Why was it that the butler's dream he interpreted favorably and the baker's dream he intepreted unfavorably? The reason, of course, is that the butler did something. The butler acted. The butler was pushing, was pressing the grapes of Pharaoh into the cup. The baker was completely passive. In life we have to do things. We have to try to solve problems. We have to be active but we have to do it with Sechel. We have to never give up on the Tachalis. Unfortunately, many Jewish people, when they came to America, gave up on Jewish practices. It was too hard. They had to earn a living for their family. They had difficulty here. They gave up Shabbos and other things. I am not judging them because in those days if you kept Shabbos you earned zero and if you did not keep Shabbos you earned $10,000. It was a difficult thing, but, yet, we know that unless we are willing to see the Tachailis and work with the Tachailis and also do with reason and understanding and get into certain jobs where we can keep Shabbos it will be difficult. Joseph, when he was cast into prison and was able to interpret the dreams and he interpreted the dream of the butler favorably he asked the butler to remember him to Pharaoh. Sane rabbis criticize him not because he tried to rely on the butler to get him out of prison but because he only relied on the butler to get him out of prison. We have to try all avenues in order to solve the problems that we are cast into. We have to use our reason but we also have to make sure that we keep our eye on the Tachailis. We have to keep our eye on that which is G-d's promise to the Jewish people, but we cannot just rely on the promise. If we do that is suicidal, so today we are faced with a terrible situation, a similar situation to 1948 and even before where the whole situation is all unsettled. We do not know what is going to happen. The Gulf situation is very dangerous. The United States has asked us not to respond even if we are attacked. The United States has even said not to worry about our qualitative edge anymore, that the United States will protect us.
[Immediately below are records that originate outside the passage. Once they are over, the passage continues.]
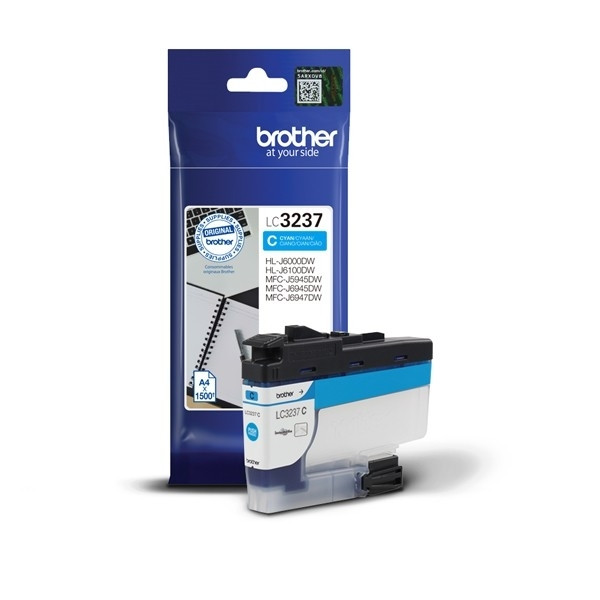 Brother LC-3237C cartouche d'encre cyan (d'origine) LC3237C 051212 - 1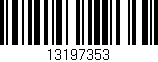 Código de barras (EAN, GTIN, SKU, ISBN): '13197353'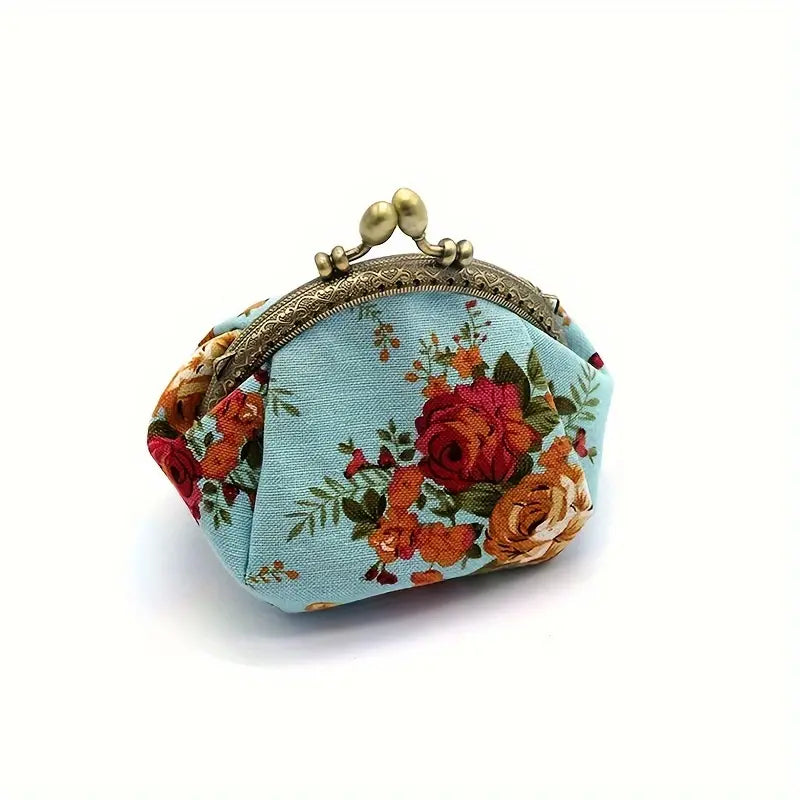 Vintage Floral Coin Purse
We cannot protest too much because maybe then the United States will cut off all aid and we are dependent on the United States even for jet fuel. We have terrible problems today. Russia and the United States are now working

together, so how can we resist them? If we resist them they will cut off Soviet immigration. The situation is very fluid. There are so many dangers here, but we know that G-d will not let us down. G-d will help us, but we have to use our Sechel. We cannot blindly trust His promise without acting on our Sechel, without our understanding. Also, we cannot forget about the promise, too. We must combine them and use them together. Just as Joseph came out of prison and to greatness so we, too, will overcome all the problems of today and the Jewish people are assured with G-d's help we will overcome them and we will flourish and be a light unto the nations.
I am reminded of the story they tell about a boy who was standing at the shore of the sea waving back and forth a flag. About 4 miles offshore was a big ocean liner. A passerby came by and said, "What are you doing, little boy?" He said, "I am signaling the ship 4 or 5 miles offshore." The man asked why he was going that because nobody would be able to see from there and that nobody was looking at him. The little boy said, "Yes, the captain is looking at me because the captain is my father and he always sees when I signal." Our captain is Hashem and He always sees when we signal. Let us all hope and pray that soon we will get all of these difficulties resolved and soon we will be able to live lives of freedom and dignity and honor among the nations of the world because we have always seen the blue and the white, that we have always acted together with G-d’s promise and with Sechel. May this day cone soon. Amen.